Los nietos de mujeres embarazadas durante la masacre de Hama muestran cambios genéticos heredados. Un estudio confirma por primera vez en humanos un fenómeno observado en animales: el estrés se transmite epigenéticamente de generación en generación.

La epigenética es el estudio de modificaciones químicas en el ADN que regulan la expresión de los genes sin alterar su secuencia. Estas modificaciones, que pueden activarse en respuesta a factores ambientales como el estrés o la violencia, pueden transmitirse a futuras generaciones. Investigaciones previas en animales han demostrado que el trauma puede dejar marcas epigenéticas en la descendencia, pero hasta ahora no se había encontrado evidencia clara en humanos.

Un equipo de investigadores liderado por la antropóloga Connie Mulligan, de la Universidad de Florida, ha descubierto que la violencia puede dejar una marca genética en los descendientes de quienes la sufrieron. El estudio se centró en familias sirias afectadas por la masacre de Hama en 1982 y por la reciente guerra civil, y encontró modificaciones epigenéticas en los nietos de mujeres que estuvieron embarazadas durante esos eventos violentos.

Durante la masacre de Hama, el gobierno sirio mató a decenas de miles de ciudadanos en un acto de violencia sectaria. Cuarenta años después, las huellas de aquel horror no solo se conservan en la memoria de los sobrevivientes, sino también en el material genético de sus descendientes.
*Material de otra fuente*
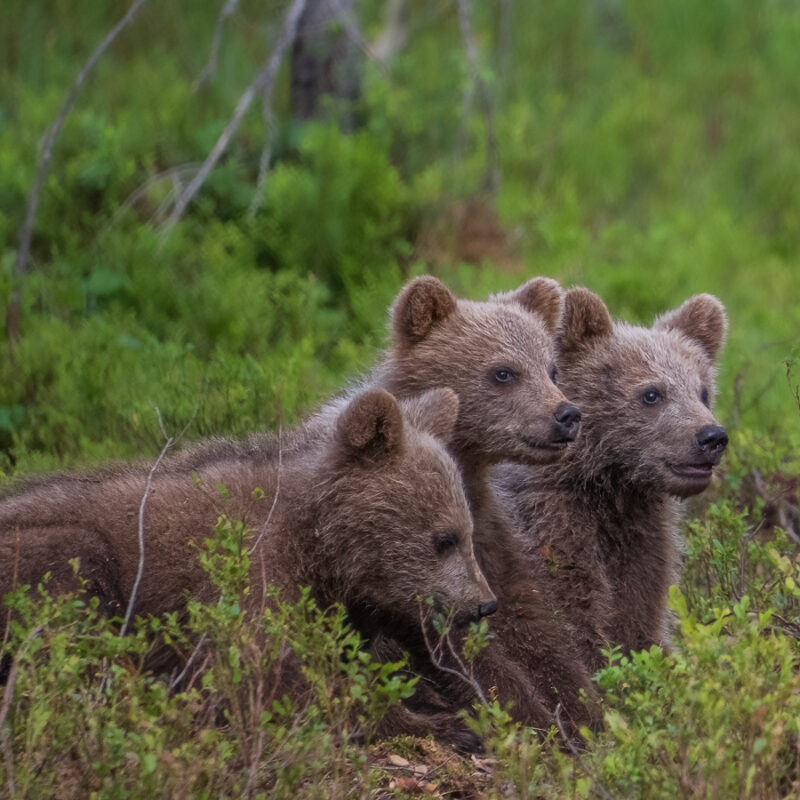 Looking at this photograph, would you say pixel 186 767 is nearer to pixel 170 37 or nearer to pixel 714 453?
pixel 714 453

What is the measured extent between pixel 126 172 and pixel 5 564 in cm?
609

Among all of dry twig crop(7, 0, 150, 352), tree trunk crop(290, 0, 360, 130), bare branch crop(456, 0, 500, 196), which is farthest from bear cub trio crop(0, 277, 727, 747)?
tree trunk crop(290, 0, 360, 130)

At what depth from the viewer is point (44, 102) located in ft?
37.0

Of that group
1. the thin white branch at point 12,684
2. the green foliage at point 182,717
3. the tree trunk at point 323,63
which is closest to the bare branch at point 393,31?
the tree trunk at point 323,63

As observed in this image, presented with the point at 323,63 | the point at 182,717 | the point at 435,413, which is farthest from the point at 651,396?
the point at 323,63

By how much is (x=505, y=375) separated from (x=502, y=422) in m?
0.22

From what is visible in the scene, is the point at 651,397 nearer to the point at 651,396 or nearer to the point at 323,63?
the point at 651,396

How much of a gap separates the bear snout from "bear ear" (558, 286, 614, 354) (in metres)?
0.68

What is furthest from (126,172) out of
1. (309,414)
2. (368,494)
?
(368,494)

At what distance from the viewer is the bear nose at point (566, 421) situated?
18.2ft

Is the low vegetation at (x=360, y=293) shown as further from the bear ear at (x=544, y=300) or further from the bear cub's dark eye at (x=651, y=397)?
the bear ear at (x=544, y=300)

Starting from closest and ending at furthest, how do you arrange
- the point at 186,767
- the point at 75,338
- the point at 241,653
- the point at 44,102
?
the point at 186,767 → the point at 241,653 → the point at 75,338 → the point at 44,102

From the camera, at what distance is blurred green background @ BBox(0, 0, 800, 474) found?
790cm

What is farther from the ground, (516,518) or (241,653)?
(241,653) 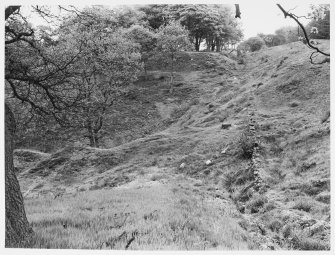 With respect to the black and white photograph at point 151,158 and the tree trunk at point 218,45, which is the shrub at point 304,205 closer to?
the black and white photograph at point 151,158

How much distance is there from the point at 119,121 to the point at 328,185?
56.8 feet

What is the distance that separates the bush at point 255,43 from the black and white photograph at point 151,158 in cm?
1749

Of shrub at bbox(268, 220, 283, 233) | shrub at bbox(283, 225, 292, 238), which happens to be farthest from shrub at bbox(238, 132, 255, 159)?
shrub at bbox(283, 225, 292, 238)

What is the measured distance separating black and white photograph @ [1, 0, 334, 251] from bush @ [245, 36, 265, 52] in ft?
57.4

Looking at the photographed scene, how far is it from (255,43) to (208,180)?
30.5 meters

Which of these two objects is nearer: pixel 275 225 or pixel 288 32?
pixel 275 225

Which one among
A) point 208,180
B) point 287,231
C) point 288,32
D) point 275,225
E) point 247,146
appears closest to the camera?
point 287,231

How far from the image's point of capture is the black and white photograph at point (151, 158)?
543 centimetres

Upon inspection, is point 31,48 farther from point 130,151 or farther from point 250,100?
point 250,100

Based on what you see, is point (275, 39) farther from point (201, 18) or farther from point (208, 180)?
point (208, 180)

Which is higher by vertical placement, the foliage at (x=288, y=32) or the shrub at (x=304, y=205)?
the foliage at (x=288, y=32)

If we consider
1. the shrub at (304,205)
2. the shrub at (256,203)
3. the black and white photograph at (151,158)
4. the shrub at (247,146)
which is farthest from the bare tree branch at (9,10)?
the shrub at (247,146)

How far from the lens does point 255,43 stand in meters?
37.2

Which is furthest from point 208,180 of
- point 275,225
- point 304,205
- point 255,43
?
point 255,43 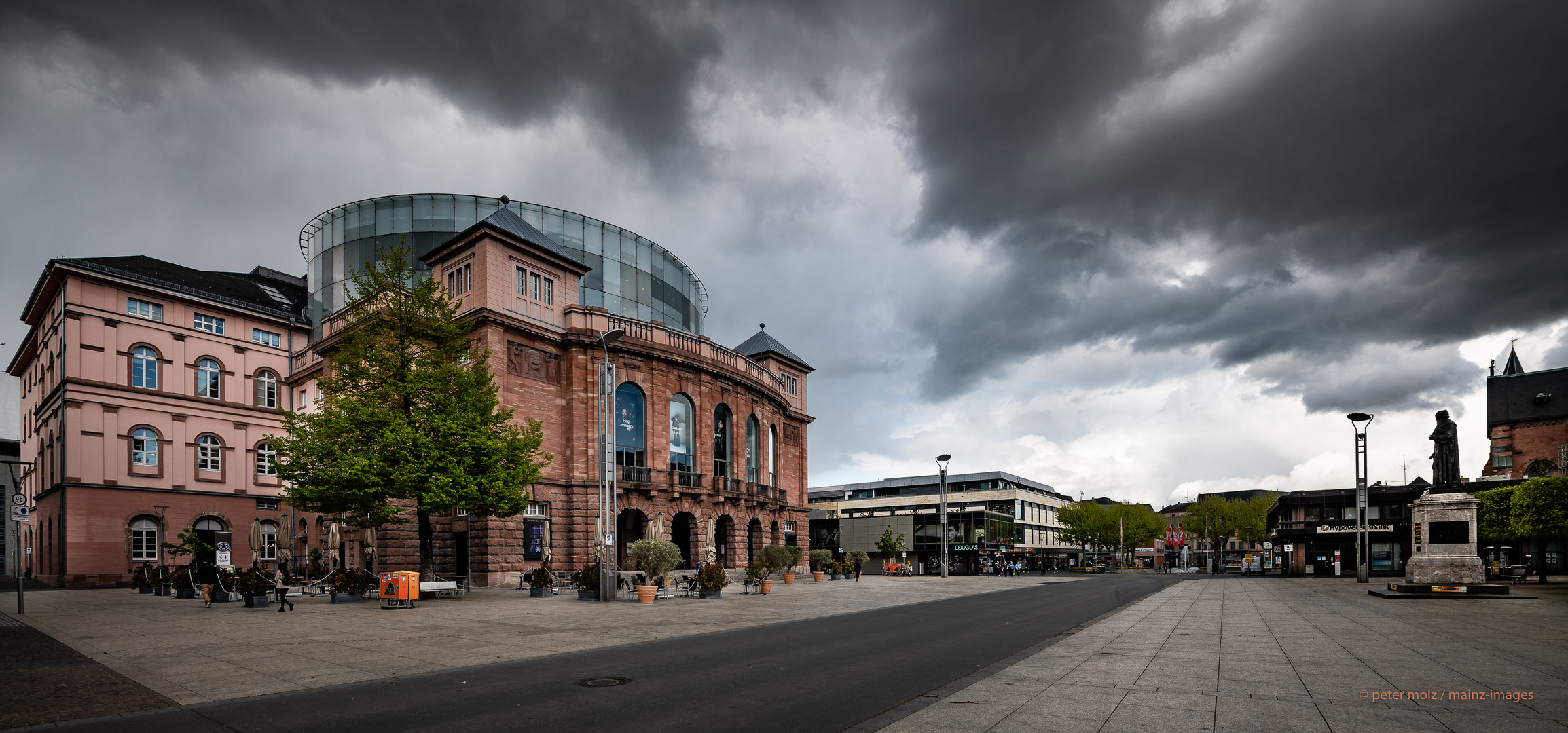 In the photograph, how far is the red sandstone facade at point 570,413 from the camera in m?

Mulligan y su equipo hallaron 14 regiones del genoma modificadas en los nietos de las mujeres que vivieron el asedio mientras estaban embarazadas. Este hallazgo representa la primera evidencia en humanos de la transmisión genética del estrés a través de generaciones, un fenómeno antes documentado solo en animales.

El estudio, publicado en Scientific Reports, fue realizado en colaboración con Rana Dajani, bióloga molecular de la Universidad Hashemita de Jordania, y Catherine Panter-Brick, antropóloga de la Universidad de Yale. Para su investigación, los científicos analizaron tres generaciones de familias sirias refugiadas en Jordania. Algunas de estas familias habían vivido la masacre de Hama, mientras que otras habían experimentado la guerra civil siria. Un tercer grupo, que emigró a Jordania antes de 1980 y no sufrió estos conflictos, sirvió como grupo de control.

Los investigadores tomaron muestras de ADN de 138 personas pertenecientes a 48 familias. Dajani, quien es hija de refugiados, trabajó estrechamente con la comunidad para fomentar la confianza y la participación en el estudio. “Las familias quieren que su historia sea contada. Quieren que sus experiencias sean escuchadas”, afirmó Mulligan.

El análisis genético reveló que las personas expuestas directamente a la violencia en Siria presentaban 21 marcas epigenéticas en su ADN. Además, aquellos que estuvieron en el útero de madres expuestas a la violencia mostraban signos de envejecimiento epigenético acelerado, un fenómeno que podría estar vinculado a enfermedades relacionadas con la edad, como la diabetes.

Estos resultados sugieren que existe una respuesta epigenética común al estrés, capaz de afectar no solo a quienes sufren violencia directamente, sino también a sus descendientes. Según Mulligan, esta investigación tiene implicaciones más allá del caso de los refugiados sirios: “Creemos que nuestro trabajo es relevante para muchas formas de violencia, no solo para los refugiados. La violencia doméstica, la violencia sexual, la violencia con armas de fuego… todas las formas de violencia que existen en EE.UU. y en el mundo deben ser estudiadas y tomadas en serio”.

Aunque aún no está claro qué impacto tienen estas modificaciones epigenéticas en la salud de quienes las heredan, estudios previos han vinculado cambios epigenéticos inducidos por el estrés con enfermedades como la diabetes y la obesidad. Por ejemplo, una investigación sobre los sobrevivientes de la hambruna en los Países Bajos durante la Segunda Guerra Mundial encontró que sus descendientes tenían un mayor riesgo de sobrepeso debido a cambios epigenéticos heredados.

A pesar de la carga genética de la violencia, el estudio también destacó la resiliencia de las familias investigadas. “En medio de toda esta violencia, podemos celebrar su extraordinaria perseverancia. Están viviendo vidas plenas, productivas, teniendo hijos y manteniendo sus tradiciones. Han perseverado”, concluyó Mulligan. “Esa resiliencia y perseverancia es, posiblemente, un rasgo exclusivamente humano”.